*Try it:*
Your response to the data below should hold nothing except the lines from the one containing "Item preview, Bird" down to the one containing "Lei da atração", reproduced exactly and without pictures.

*Task data:*
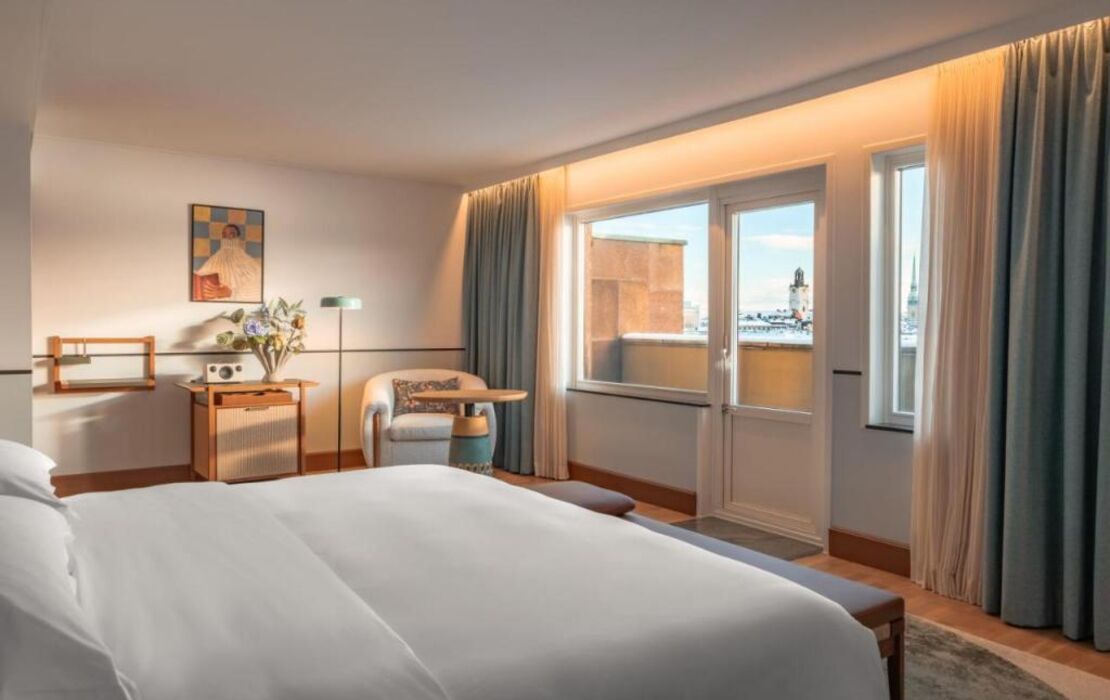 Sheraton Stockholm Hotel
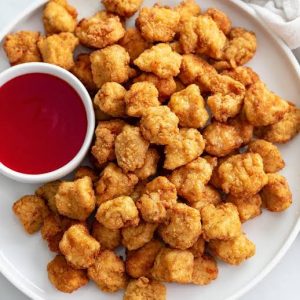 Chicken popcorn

--

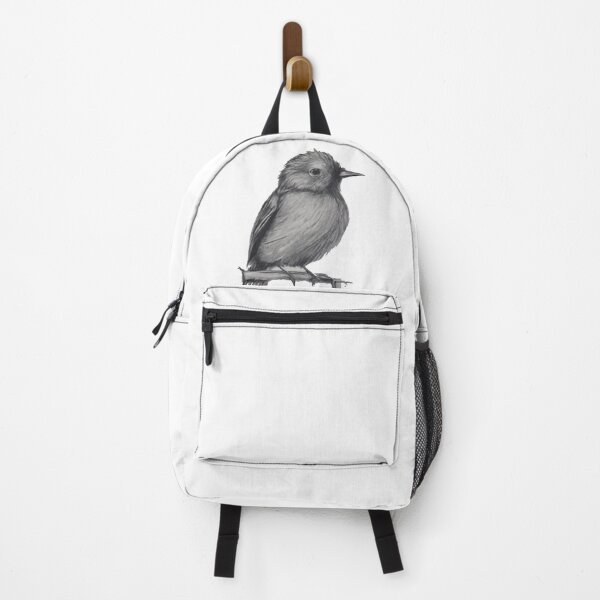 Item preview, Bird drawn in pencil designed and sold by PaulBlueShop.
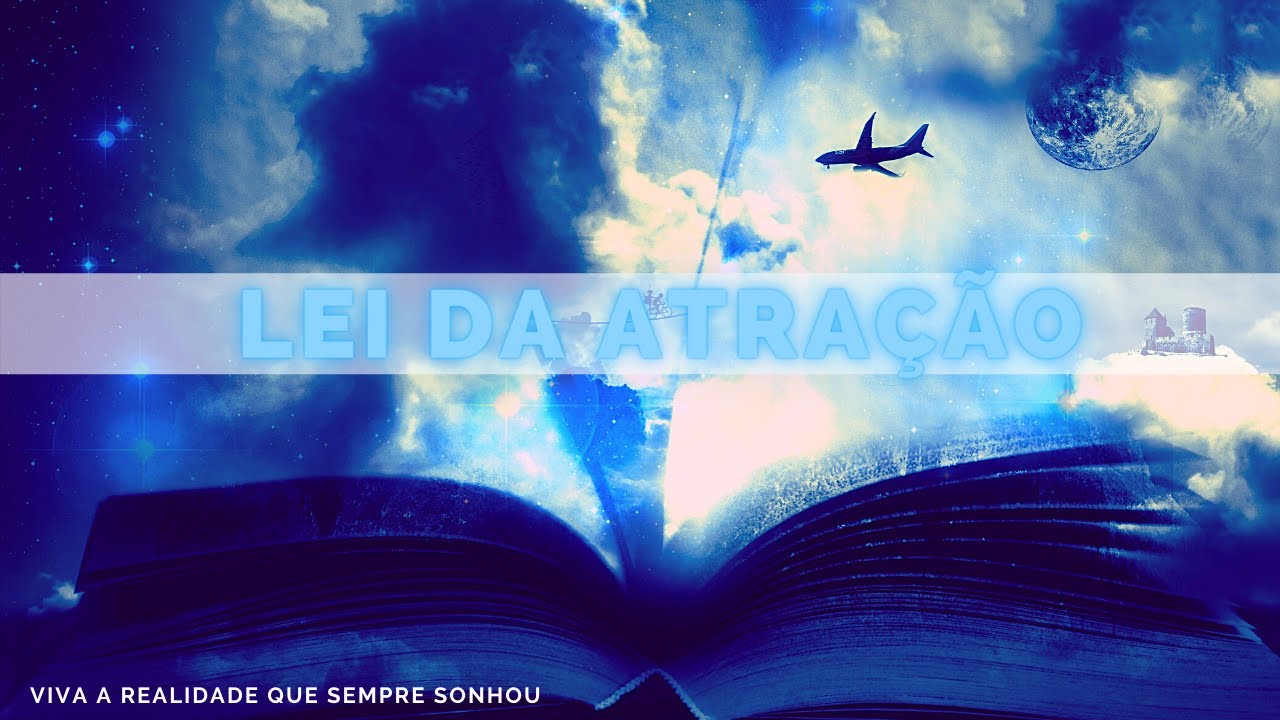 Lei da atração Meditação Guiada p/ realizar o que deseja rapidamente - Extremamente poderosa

*Response for this exercise:*
 Item preview, Bird drawn in pencil designed and sold by PaulBlueShop.
 Lei da atração Meditação Guiada p/ realizar o que deseja rapidamente - Extremamente poderosa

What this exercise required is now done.